## EXERCISE REQUIREMENTS
Skip the images; return every entry exactly.

## INPUT RECORDS
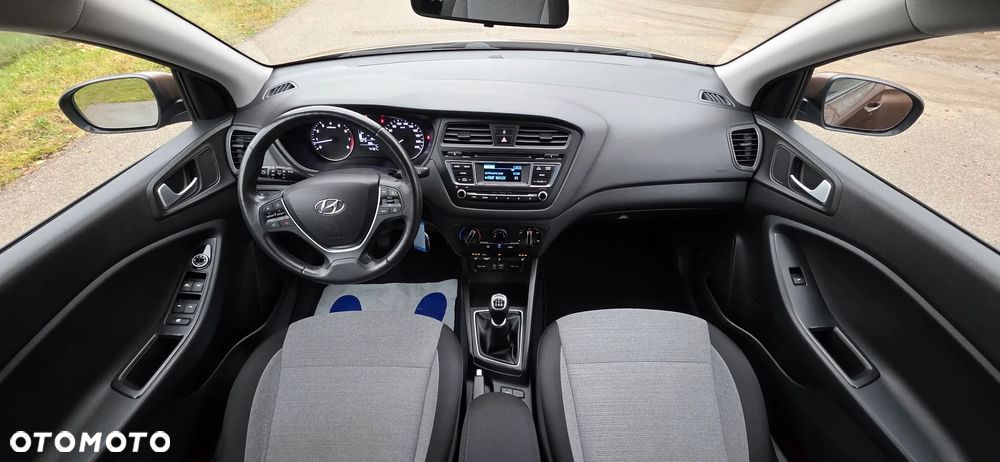 Hyundai i20 1.2 YES Silver - 16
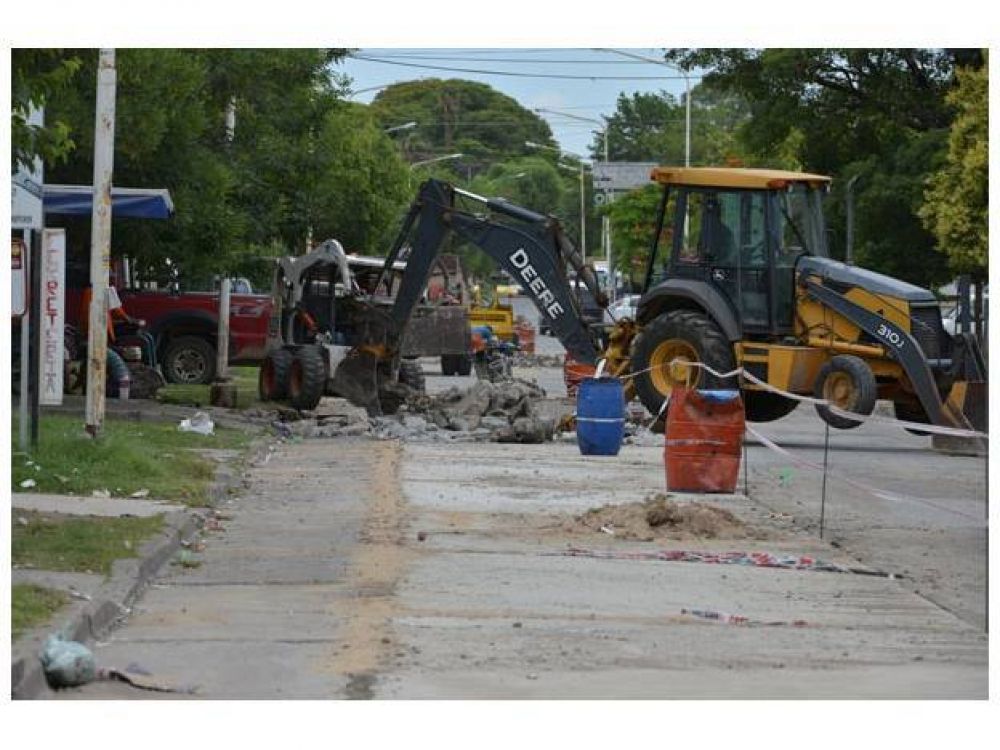 Se realizan obras de reconstrucci�n de la trama vial en avenida Ej�rcito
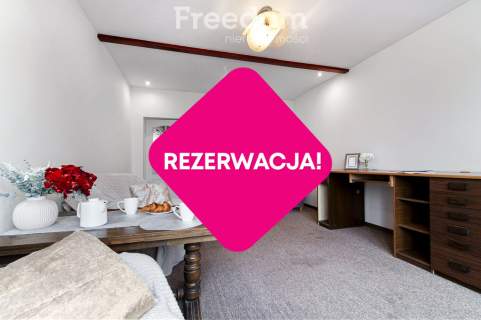 Słoneczne mieszkanie w bloku z cegły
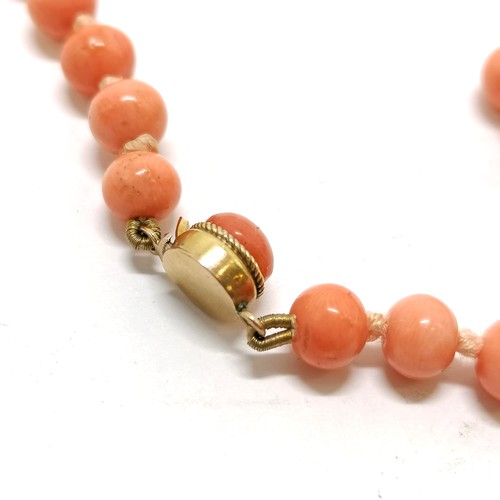 235 - Antique coral bead necklace with unmarked 14ct (tests as) clasp. 53cm long, 6mm beads & 22.8g total ... 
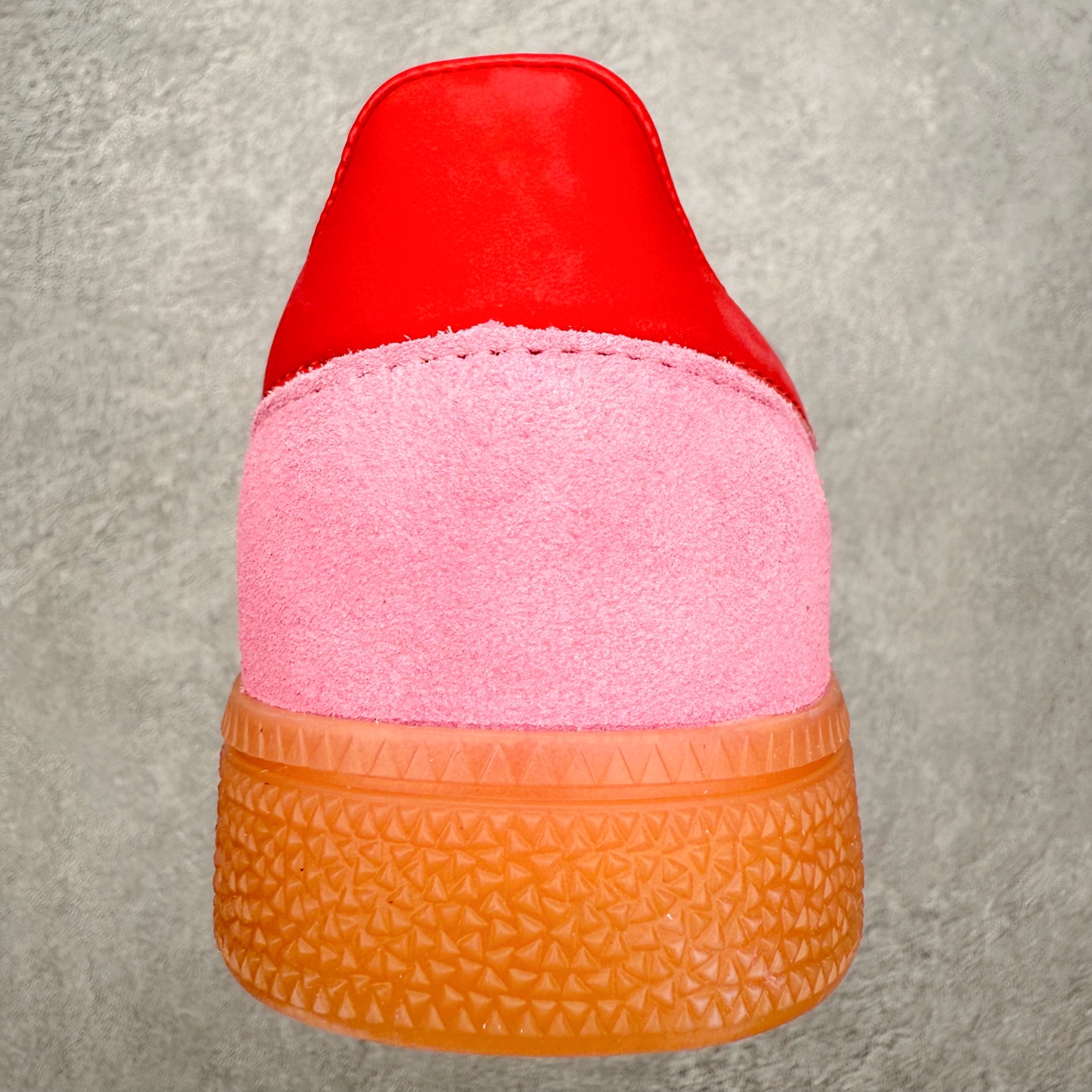 图片[8]-AD Originals Handball SPZL 手球运动员系列百搭休闲运动板鞋 JR5006 这款来自阿迪达斯的这款HANDBALL SPZL前身是一双手球运动鞋，这一次拿来复刻，所以鞋面的主要色彩选用了黑色， 鞋面外侧除了Spezial字母之外还有三叶草标志。Handball SPZL作为复古手球训练鞋与作为室内足球鞋的Samba有着异曲同工之处，但是质感更为出众的鞋身以及丰富的配色选择比起Samba来讲可以说是更胜一筹了！尺码：36 36⅔ 37⅓ 38 38⅔ 39⅓ 40 40⅔ 41⅓ 42 42⅔ 43⅓ 44 45-选品中心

## WORKED SOLUTION
 Hyundai i20 1.2 YES Silver - 16
 Se realizan obras de reconstrucci�n de la trama vial en avenida Ej�rcito
 Słoneczne mieszkanie w bloku z cegły
 235 - Antique coral bead necklace with unmarked 14ct (tests as) clasp. 53cm long, 6mm beads & 22.8g total ... 
 图片[8]-AD Originals Handball SPZL 手球运动员系列百搭休闲运动板鞋 JR5006 这款来自阿迪达斯的这款HANDBALL SPZL前身是一双手球运动鞋，这一次拿来复刻，所以鞋面的主要色彩选用了黑色， 鞋面外侧除了Spezial字母之外还有三叶草标志。Handball SPZL作为复古手球训练鞋与作为室内足球鞋的Samba有着异曲同工之处，但是质感更为出众的鞋身以及丰富的配色选择比起Samba来讲可以说是更胜一筹了！尺码：36 36⅔ 37⅓ 38 38⅔ 39⅓ 40 40⅔ 41⅓ 42 42⅔ 43⅓ 44 45-选品中心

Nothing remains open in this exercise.